I'm responding to the June 26 letter titled "To Hell With the Christians" [in response to "Attack of the Puritans," May 29]. I agree: Christianity does not have the fucking right to tell me not to go to gentlemen's clubs. Christians hate individuality if it does not strengthen their cause. I have the right to be a sexual deviant, and I accept my rightful place in hell, because no Christian tells me how to live. I do not believe in censorship of any form. I'm 30 years old and am living life to the fullest, because I only have one life. To the Christians: I am a freak and sexual demon, and I'm proud of it.
Kelvin Scott Frazier
All signs point to Rooney's guilt:
Mary Lou Vasitas has my deepest sympathies over the tragic loss of her son, the late Father Donald Rooney ["Bless Me Father," July 3]. Father Rooney had been summoned to a meeting with diocesan officials to discuss allegations by a woman who said the priest had sexually abused her in 1980, when she was a child. Rather than face diocesan authorities, he chose to end his life with a bullet.
While this is an extremely difficult time for Mrs. Vasitas, I believe she is in great denial about her late son's alleged sexual abuse. There is a very high likelihood Father Rooney did take sexual advantage of children, particularly since other alleged victims have come forward since the first complaint. Few accusers would risk their personal reputation, let alone risk serving jail time themselves for making false reports and defaming someone's character. Father Rooney fits the Dr. Jekyll/Mr. Hyde behavior pattern of most sexually exploitative priests. On one hand, they are caring, thoughtful, attentive clergymen who go the extra mile for people in need. In their perverted dark moments, they exploit the goodwill they have carefully nurtured to take sexual advantage of vulnerable youths. With all due respect to Mrs. Vasitas, I'm afraid I must take issue with the characterization of her late son's initial accuser as a "Judas."
One is hardly a Judas for betraying an alleged pervert. If anything, the "Judas" performed a valuable public service. The accuser finally summoned enough courage after all these years to do the right thing -- in hopes not only of obtaining a just settlement in a court of law, but also in hopes of removing Father Rooney from assignments where he would have access to children. As fate would have it, Father Rooney removed himself.
Louis H. Pumphrey
Suicide, molestation, and other hilarity:
The cover story in your recent issue about Don Rooney brought tears to my eyes -- from laughing so hard. The article totally began to piss me off. It would attempt to have me believe that he was some kind of wonderful man, almost a martyr, even though he molested kids and killed himself. I don't care what his family, friends, and misguided mother have to say.

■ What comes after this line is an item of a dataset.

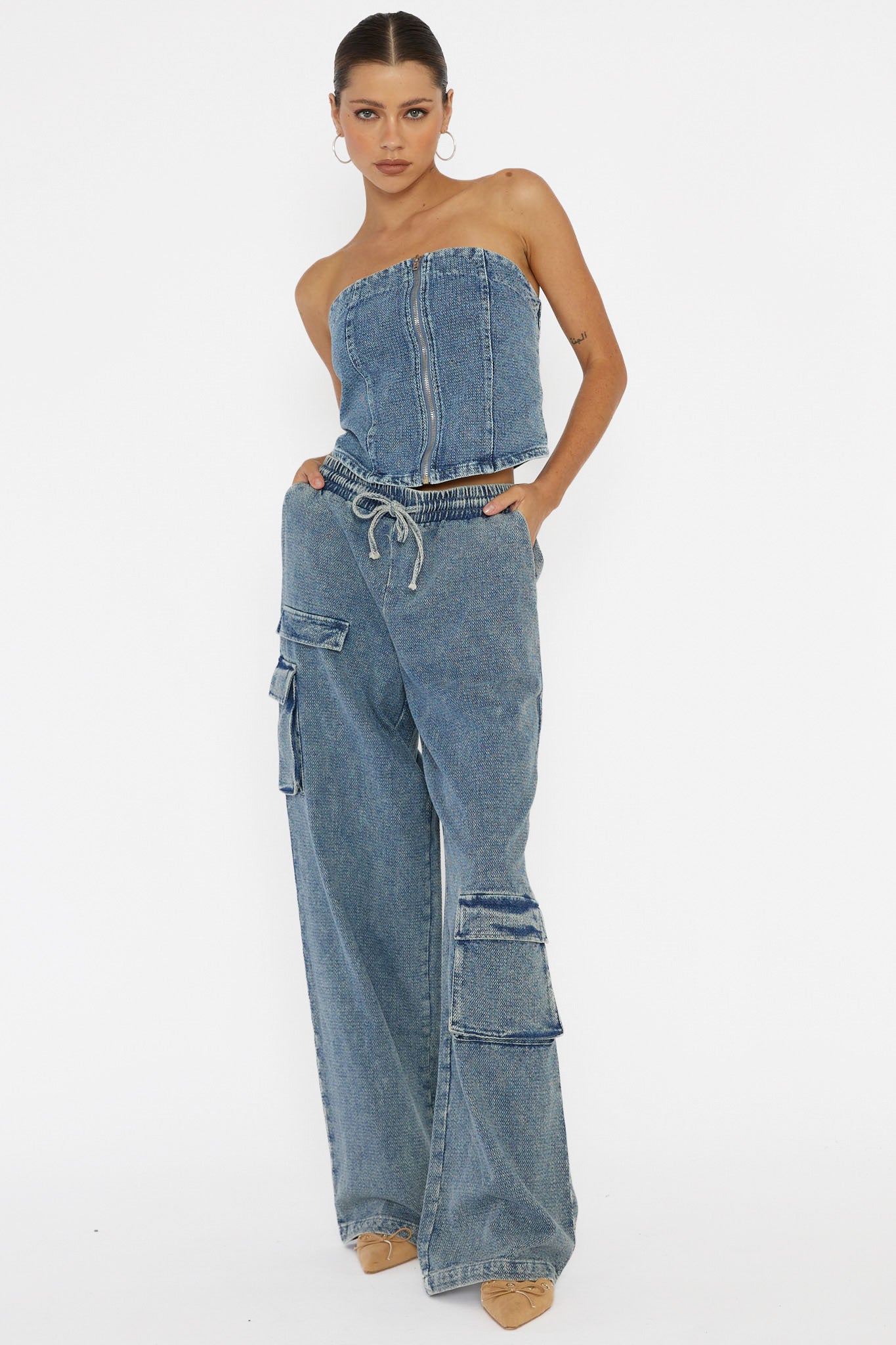 Out Of Touch Strapless Top Indigo-Fable Dress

It's too bad that an opposing view was left out of this highly biased article; perhaps there are individuals who felt Rooney was an asshole or a pedophile. I doubt that someone who would molest kids and kill himself was that great a person. I'm sure that Rooney's family and friends did not know the real Rooney. Rather, they knew the "innocent Catholic priest" that was Rooney's intricate facade. But at least I can remind myself that, according to the Catholic faith, suicide is a sin, and Rooney's probably in a pretty bad place right now.
If every child-molesting Catholic priest would kill himself, just like Don Rooney did, the world would be a better place.
The Catholic cash machine:
I see you're skanking around again. You just love this Catholic Church scandal. It provides fodder for the sick and feeble-minded. You don't waste the time reading the paper, do you? Father Rooney is much loved and missed in death, as he was in life. He made a mistake years ago and evidently paid dearly for it in his own conscience.
Let's jump on the "He did bad things to me" bandwagon and see if we can't get our name in the paper, maybe some cash for our hurt psyches. It's pretty creepy to see what you'll say to get someone to read this paper.